Accounting information plays two important roles in market-based economies. First, it allows capital providers (shareholders and creditors) to evaluate the return potential of investment opportunities (the ex-ante or valuation role of accounting information). Second, accounting information allows capital providers to monitor the use of their capital once committed (the ex-post or stewardship role of accounting information).

Thus, the demand for accounting information by outsiders arises for two reasons. First, ex-ante, firms’ managers typically have more information about the expected profitability of firms’ current and future investments than outsiders. This information asymmetry makes it difficult for outside capital providers to assess the profitability of the firm’s investment opportunities. This problem is exacerbated because insiders (both managers and owner-managers) have incentives to exaggerate their firms’ projected profitability. In turn, if capital providers cannot assess firms’ profitability, they will under-price firms with high profitability and over-price firms with low profitability, potentially leading to market failure. This “lemons problem” (Akerlof, 1970) and the resulting incentives to disclose additional information have long been recognized in the literature.

Second, the ex-post demand for accounting information arises from a separation of ownership and control (a characteristic of modern economies), which results in capital providers not having full decision-making rights. To solve the ensuing agency problems, both implicit and explicit contracts often use accounting information such as the use of resources, decisions taken, and generated return on investments. Investors value such information ex-post and require a lower rate of return ex-ante when they can rely on such information. However, as we will discuss, the ex-ante and ex-post demands for accounting information may not always result in the information being voluntarily supplied.

The characteristics of the corporate information environment will therefore be shaped by the relative magnitude of the stewardship and valuation problems. This tension has long been recognized in the literature (e.g., Gjesdal, 1981), and can best be illustrated with a simple example. Suppose the firm’s value (net of the manager’s compensation) depends on two factors: management effort and luck (i.e., things that affect firm value but are beyond the manager’s control). In such a setting, resolving the stewardship problem and valuing the firm require different information. The latter requires that the firm’s accounting system provides information about firm value, i.e., the combined effect of management effort and luck.

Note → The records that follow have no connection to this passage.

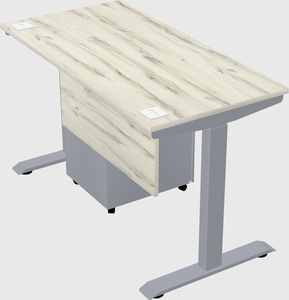 Single motor electric desk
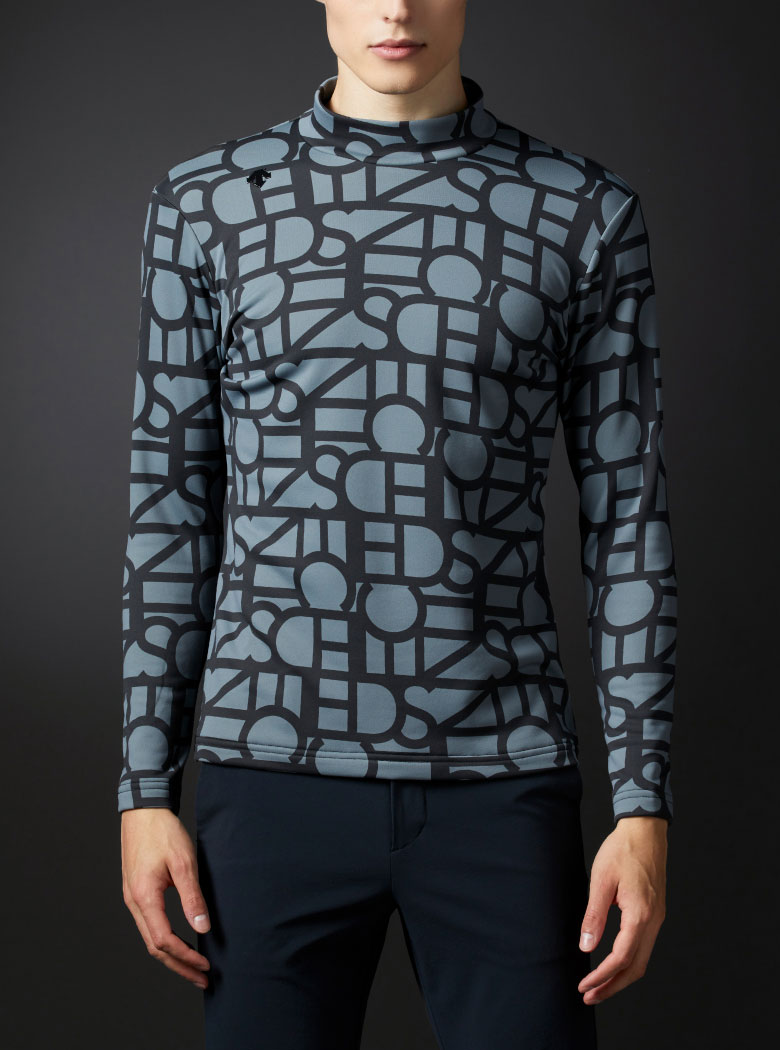 デサントゴルフ　シャツ ヒートナビタイポグラフィープリントシャツ【アウトレット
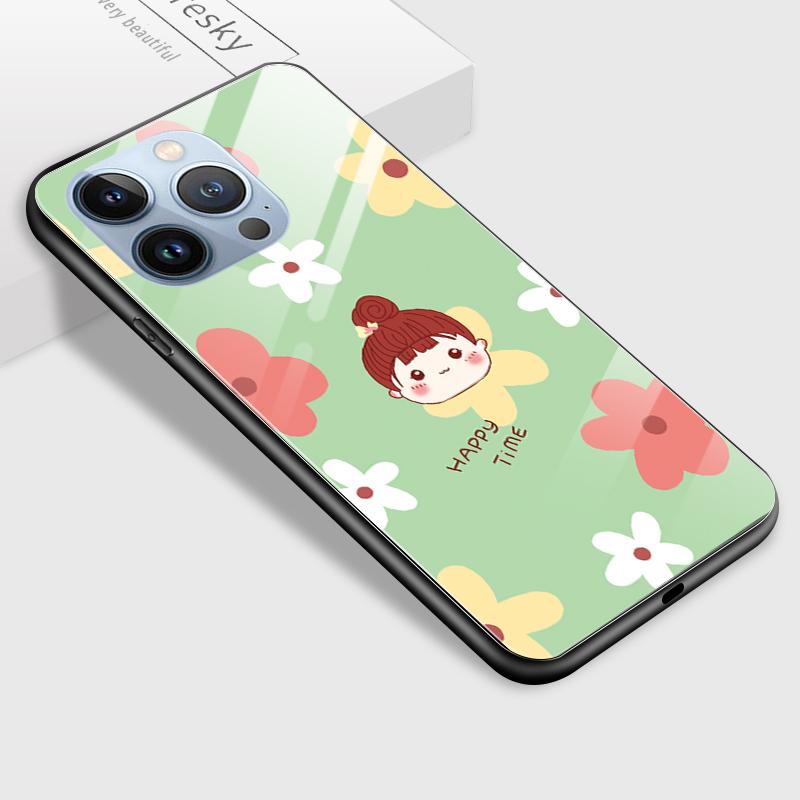 Tempered Glass Phone Case For Samsung A12 A16 A32 A53 S20FE S23 S25 Honor20 X6A 90Lite 9X Huawei Y9Prime2019 P30Lite Soft Edge Shockproof Smooth Shell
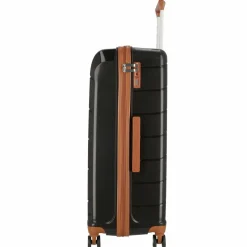 Cocoono Hartgepäck|4-Rollen Koffer<Graz 4 Rollen Trolley L 76 cm schwarz-braun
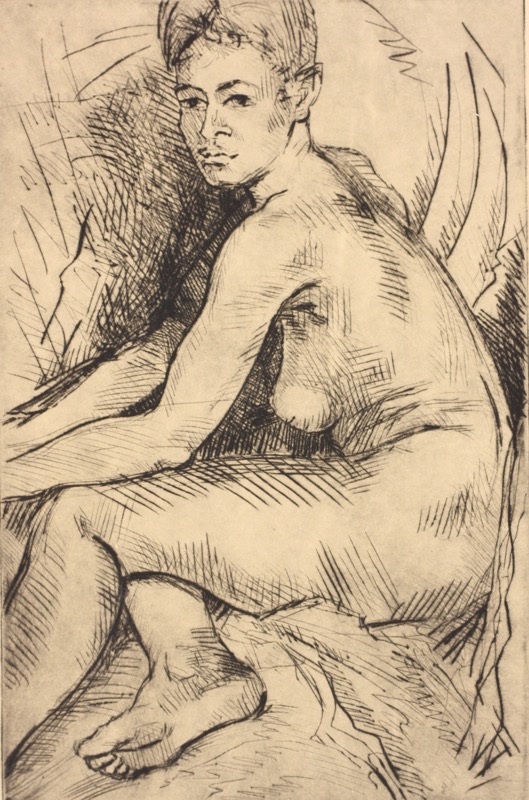 Figure; etching, 23 x 15 cm, 1997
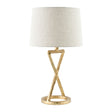 Modern European furniture - Crisscross Aluminum Accent Table Lamp - www.oroa.com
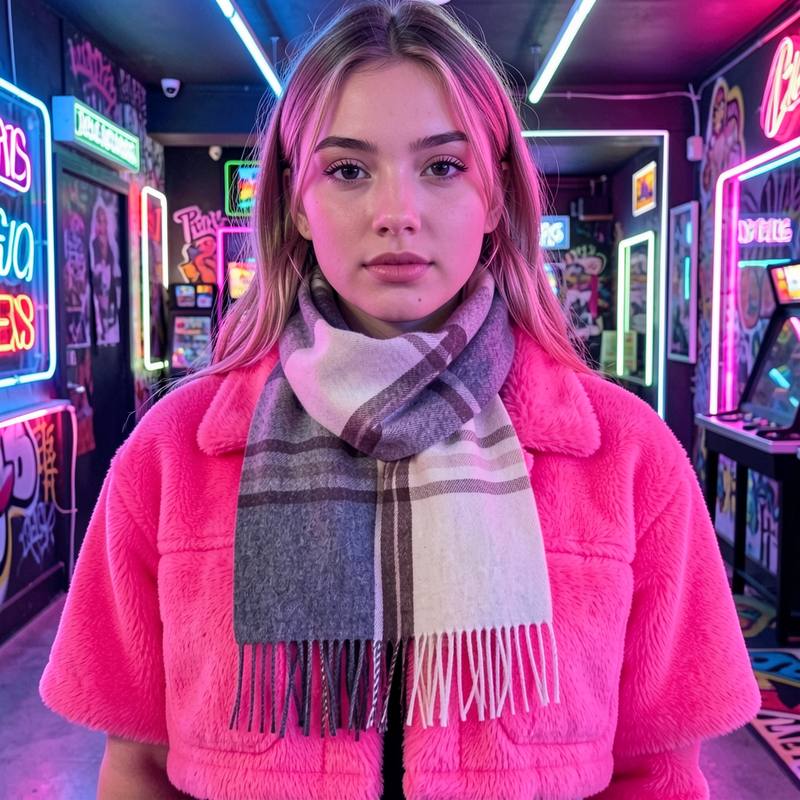 Halswärmer, verdickt, mit Mela – Infinity Scarf Knit Bewertung und Preis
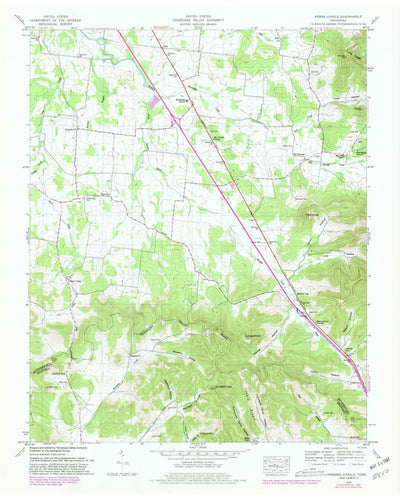 United States Geological Survey Webbs Jungle, TN (1949, 24000-Scale) digital map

By contrast, the former requires that investors either observe the manager’s actions directly (which is usually not the case) or that the firm’s accounting system provides information that allows investors to make inferences about the manager’s actions.1

We focus on these two reasons for information environments to develop endogenously: the information asymmetry between capital providers and entrepreneurs with investment opportunities (the valuation problem) and the agency problems that result from the separation of ownership and control (the stewardship problem). If the corporate information environment arises endogenously to resolve valuation and stewardship problems, then why is disclosure regulation needed in capital markets? In Section 3.1, we discuss the conditions under which insiders (e.g., managers) do not voluntarily disclose all their private information (i.e., when the “unraveling result” by Grossman and Hart, 1980, Grossman, 1981, Milgrom, 1981, Milgrom and Roberts, 1986 does not hold).

Our discussion implies that the corporate information environment will be shaped by (i) the extent to which each of the conditions of the unraveling result do not hold (see Section 3.1), (ii) the availability and cost-effectiveness of alternative mechanisms or information from sources other than the firm itself that help address valuation and stewardship problems (see Section 5), and (iii) the magnitude of the stewardship problem compared to the magnitude of the valuation problem.

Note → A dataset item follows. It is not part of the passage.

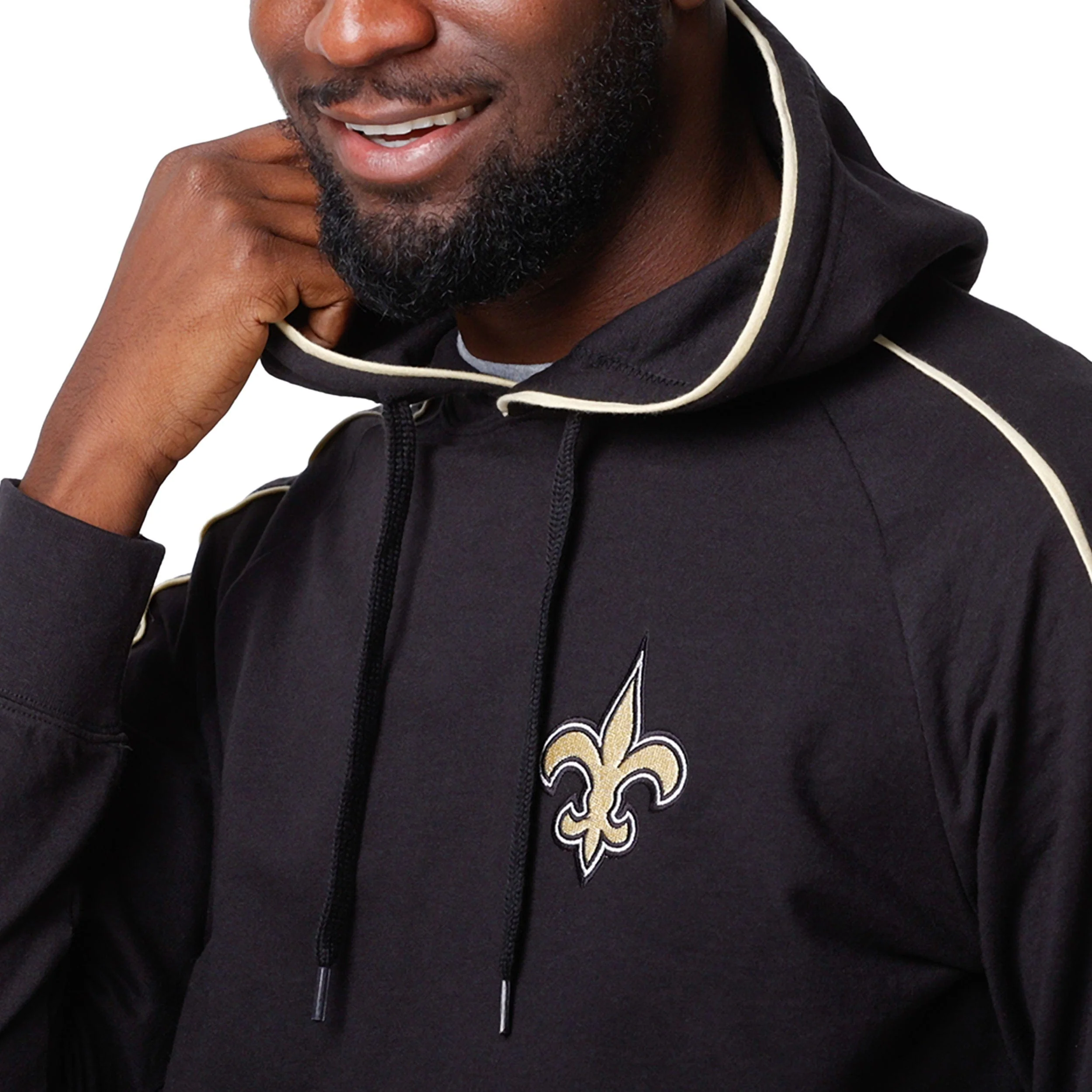 New Orleans Saints NFL Mens Fashion Track Suit - Image 3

When managers do not voluntarily disclose all their private information, there is room for disclosure regulation in capital markets. As discussed in Section 4, the literature provides two main reasons for disclosure regulation. First, misalignment of insiders’ (entrepreneurs’ or management’s) and investors’ incentives can make it difficult for managers to credibly convey information. From this perspective, disclosure requirements, accounting standards, auditors, and SEC enforcement actions are mechanisms that allow firms to commit to certain disclosure levels and improve the credibility of disclosed information. We discuss these issues in Section 4.2.

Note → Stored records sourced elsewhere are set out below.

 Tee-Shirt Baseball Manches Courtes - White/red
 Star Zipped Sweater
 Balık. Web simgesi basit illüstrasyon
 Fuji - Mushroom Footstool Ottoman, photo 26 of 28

Second, the public goods aspect of disclosures results in free-rider problems, creating circumstances in which managers’ incentives to voluntarily disclose information are insufficient even though additional information would improve social welfare. In such cases, regulation mandating the disclosure of certain information can be desirable.2 Hence, disclosure regulation will, in part, depend on the kind of information that a firm voluntarily discloses or that can (efficiently) be produced by other market participants.

In addition to voluntary and mandatory disclosures, third parties (e.g., information intermediaries) play a key role in shaping the information environment. Consistent with the extant literature, we focus our discussion of information intermediaries on sell-side security analysts. In Section 5, we structure our discussion of the information environment around the key decisions an analyst makes: (i) whether to follow a firm and how many firms to follow; (ii) how much information to acquire/produce; (iii) whether and when to issue or revise a report; (iv) what kind of report to issue; and (v) whether and to what extent to issue a report that diverges from or is less precise than the analyst’s private signal or beliefs.

Throughout the survey, we emphasize the endogenous nature of the corporate information environment, the role of disclosure regulation, and the interdependencies between the various parts of the disclosure environment. Considering this endogeneity is likely to affect the inferences drawn. For example, when analyzing the effects of a mandatory change in disclosure requirements, most empirical studies do not incorporate how other aspects of the corporate information environment, such as third-party production of information or the incentive to disclose information voluntarily, respond to this change. Another example is the interrelation between earnings management, management’s propensity to issue voluntary forecasts, and the informativeness of managements’ forecasts. It is likely that a standard that reduces the ability to manage earnings also reduces managers’ willingness to issue voluntary forecasts, but simultaneously increases the informativeness of any forecasts issued. As a consequence, it is necessary to consider multiple aspects of the corporate information environment in order to conclude whether it becomes more or less informative in response to an exogenous change.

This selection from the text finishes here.